I ran into Bono one night back in the early 1980s, in the TV Club in Harcourt Street in Dublin. I hadn’t a clue who he was. He didn’t impress me then and doesn’t do much for me now, either. But for years, other than occasional one-sentence comments made in passing with Nicholas Cage, Martin Sheen, and Mark Harmon, that conversation was as close to fame as I’d gotten. Fast forward a few decades to my first month in Budapest. I was invited down to the Balaton to see Bródy János in action. My friend was driving him down and I was going along for the ride. After the gig, in which he wowed young and old alike, we had dinner with the village mayor. English was as scarce as goose liver was plentiful. In my mind, I reckoned Bródy was the Hungarian version of Irish singer Christy Moore, both of whom use their music as a social commentary. [Am thinking Oblivious, which was, of course, written by Mick Blake, and They never came home – one of a few songs of his that were banned.]
Back in the 1970s, Bródy wasn’t at all backward about coming forward, speaking out again Communism with a nuance of innocence.
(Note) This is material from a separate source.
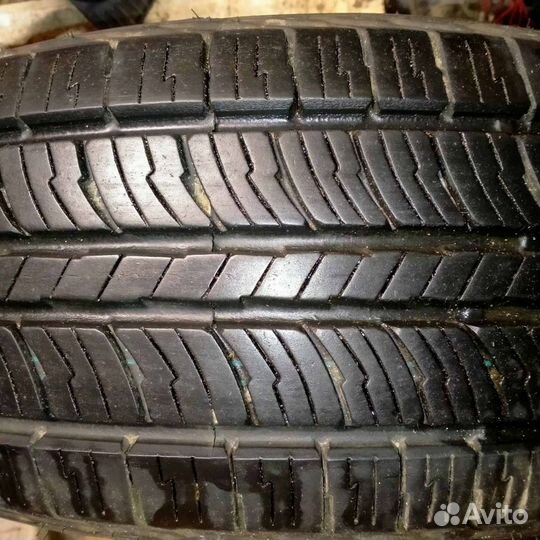 Kumho Road Venture APT KL51 235/65 R17 104H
His tongue-in-cheek approach was all the more effective for its implicitness.
In June 10, 1973 at a massive beat event in Diósgyőr, Bródy turned to fans and said “We also wish to thank for the work of the police forces. Yes, I’m serious, as there was many of you who already came here yesterday from Miskolc, many of you who couldn’t sleep anywhere, wanted to spend the night out in Avas. For them, the police provided shelter, even if not as comfortable as the bed at home, and let them out today morning, asking them if they slept well, and wishing them fun for tonight.”
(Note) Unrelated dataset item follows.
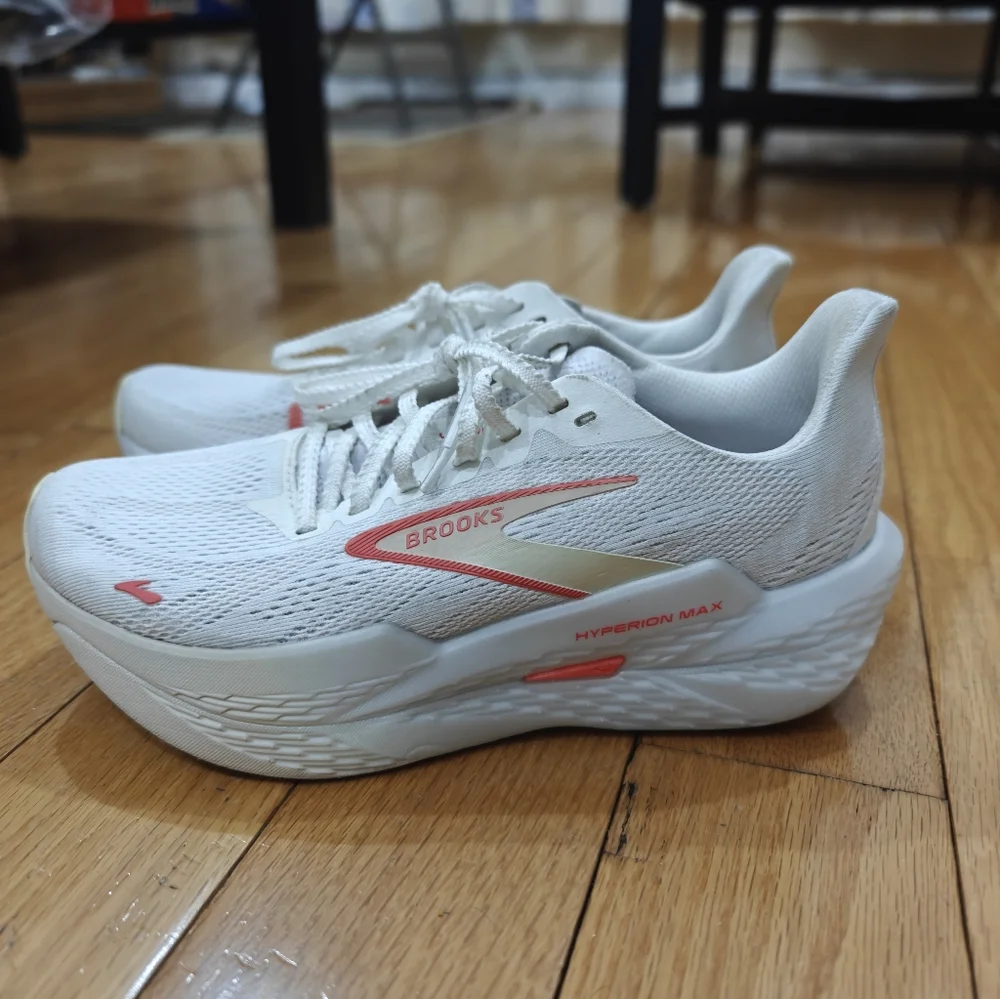 Brooks Womens Hyperion Max 2 1204231B173 White Running Shoes Sneakers Size 7 B - Picture 1 of 5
I’ve run into him occasionally over the years. He even dropped by my birthday and sang for me a few years back. I had few favourites, like Szabadnak születtél (Born to be free) and Egy hétig tart (It lasts for a week), both appealing to the hum-along in me. Last night, I went to see him in concert at the Budapest Kongresszusi Központ – an early Christmas present. Me and almost every pensioner in town had made the journey, it would seem. The average age had to have been 60 – and it was brilliant to see the crowd lapping it all up. He’s a powerful performer. Okay, so his voice has seen better days but he still has that presence., that almost grandfatherly sagacity that lends itself so well to being heard.
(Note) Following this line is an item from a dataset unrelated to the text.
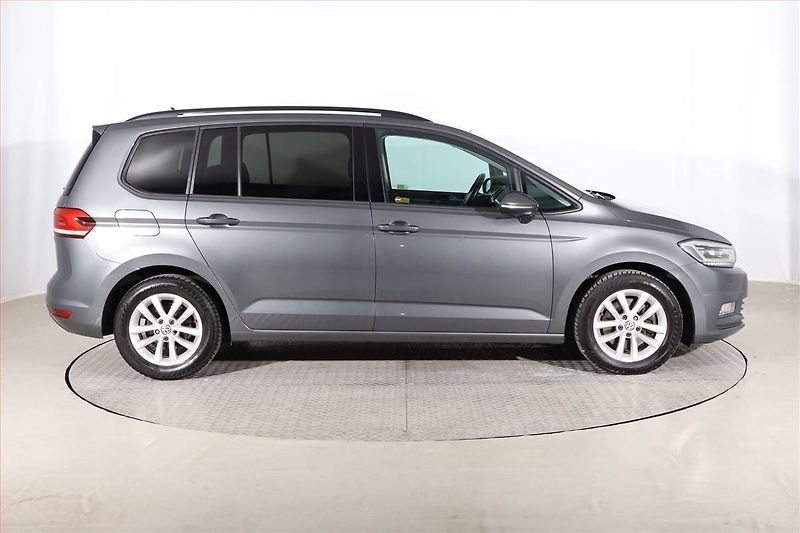 Volkswagen Touran (2017) 1.6 TDI, Serv.kniha, Tempomat - fotka 6 z 23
His latest album Ráadás (Encore) has gone platinum (he accepted an award for it last night) has plenty to say, with tracks such as Magyarok közt európai (Hungarians are European) and Felföldiné estéje (It’s a nightmare); the latter really hit its mark.
Had the Hungarian lyrics not been running across two big screens on either side of the stage, I’d have been lost. But there was enough for me to make a guess at what the songs were about. As for the between-song commentary, that I had to judge from the audience’s reaction. I sensed, though, that one song – Birkaország (Sheep Country) might have struck a raw nerve, ‘A birka burka ára drága, Hát büszke légy, ha birka vagy’ (sheepskin is expensive, be proud to be a sheep).
To Bródy and Christy and Ripoff and all those musicians who write lyrics that ring true, give hope, and speak out, I’m grateful.
And, at the end of what have been a manic couple of weeks in an equally manic couple of months, I’m doubly grateful that I’m beginning to see the light. I have a lie-in scheduled for 10 November and so far, all going to plan, that’ll be the start of two glorious weeks in the village where the sum total of decisions I have to make will amount to little more than deciding which book to read or what movie to watch.